5 Temmuz 2008 Cumartesi

YENİ BİR SOL PROGRAM – 05.03.2008

Sağcısı ve solcusuyla okumuş-yazmışlarımız çok daha önemli memleket meseleleri üzerine kafa yorduklarından olacak, Almanya Sosyaldemokrat Partisi (SPD) kongresi tarafından 28 ekim 2007 günü kabul edilen yeni ‘temel ilkeler programı’nın Türkiye’de sözünü eden pek olmadı. Oysa dünyanın en köklü ve en büyük sosyal demokrat partisi bu programıyla emperyalist küreselleşmeye karşı çıkacağını ilan ediyordu. SPD’ye göre 21. yüzyıl ya insanlara daha fazla refah, adalet ve demokrasi getirecek toplumsal, ekolojik ve ekonomik gelişmelerin ya da korkunç paylaşım savaşları ile dizginlerinden boşanmış şiddetin yüzyılı olacaktı.

Yeni program 1959 Bad Godesberg ve 1989 Berlin programlarından faklı olarak ‘temel değerler’ bölümünde ‘demokratik sosyalizm’e şu cümlelerle yer veriyor:

“Bizim tarihimiz, temel değerlerimizin gerçekleştiği özgürlerin ve eşitlerin toplumu demek olan demokratik sosyalizm düşüncesi tarafından belirlenmiştir. Bu düşünce, yurttaş haklarının, siyasal, toplumsal ve ekonomik temel hakların tüm insanlar için güvence altına alındığı, tüm insanların sömürüden, baskıdan ve şiddetten arınmış, yani toplumsal ve bireysel güvencelere sahip bir hayat sürdürebilecekleri bir ekonomi, devlet ve toplum düzenini öngörmektedir. Sovyet modeli devlet sosyalizminin sonu demokratik sosyalizm düşüncesini yanlış çıkarmamış, tam tersine sosyal demokrasinin temel değerlere yönelimini etkili bir biçimde onaylamıştır. Demokratik sosyalizm, bizim için özgür, adil ve dayanışmacı bir toplum vizyonu olarak geçerliliğini korumaktadır. Bizim davranış ve tutumumuzun dayandığı ilke sosyal demokrasidir.”

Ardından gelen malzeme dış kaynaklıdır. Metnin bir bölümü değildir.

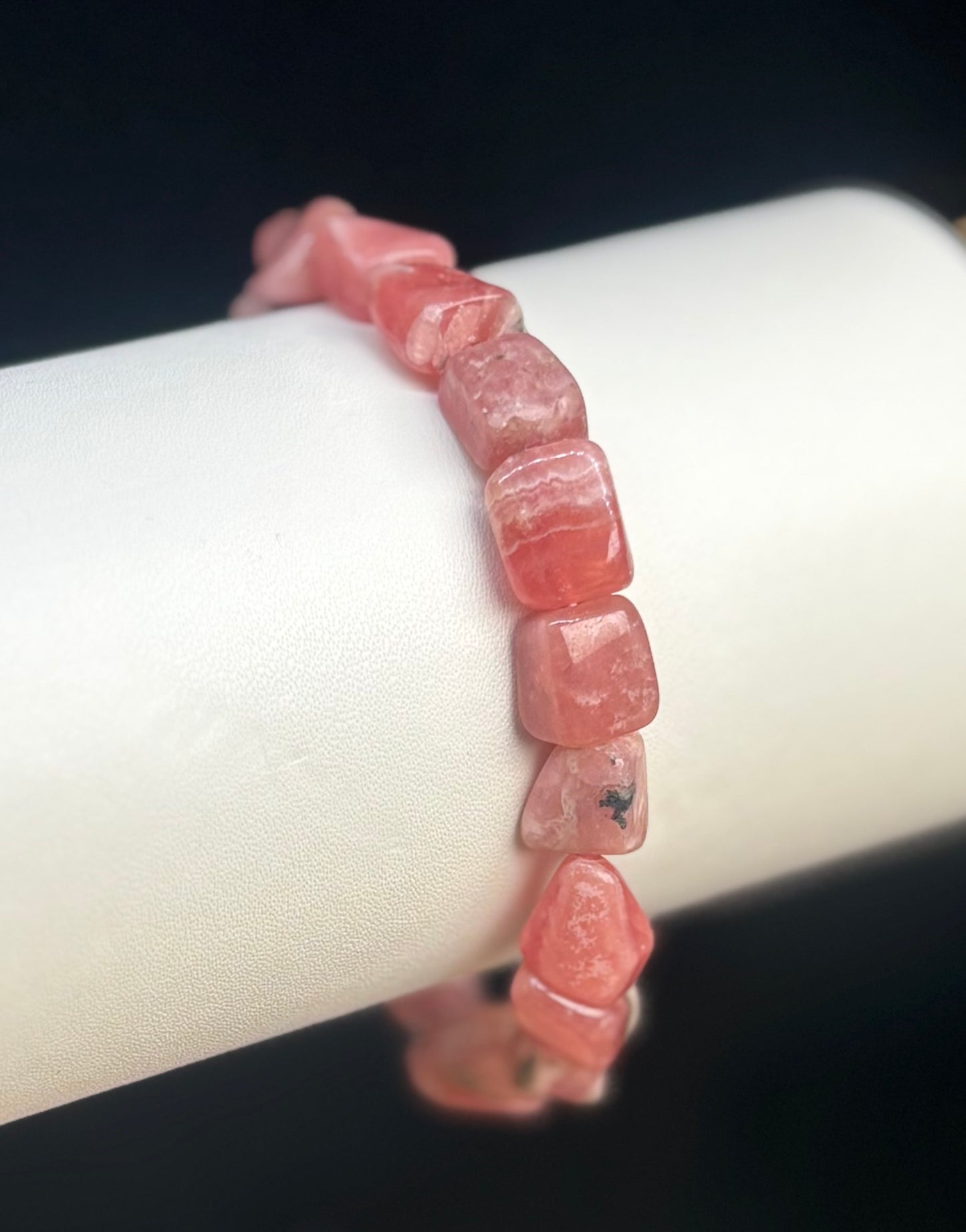 Rhodochrosit Armband Spiltter AAA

Programda belirtilen Alman sosyal demokrasisinin kaynakları arasında Almanya işçi hareketinden çıkarılan deneyimlerin ve Karl Marx’ın toplum analizinin de yer aldığını bir not olarak buraya düşüyorum.

***

Daha önceki yazılarımda da altını çizmiştim, bir ideoloji ancak kendisine seçenek oluşturan bir başka ideoloji tarafından karşılanabilir. İslam’ın da egemen olduğu toplumlar için belli bir yaşam biçemi öngören, kendinde hayatın her alanına müdahale etme yetkisi gören bir ideoloji/dünya görüşü olduğunu biliyoruz; bunu da giderek daha yoğun bir biçimde yaşıyoruz. İslam’ın dayandığı zemin kapitalizmdir; milliyetçiliğin de. O zaman kendimize soralım: Elimizde İslam yayılmacılığına/kadrolaşmasına karşı durabilmek için başvuracağımız hangi seçenek vardır?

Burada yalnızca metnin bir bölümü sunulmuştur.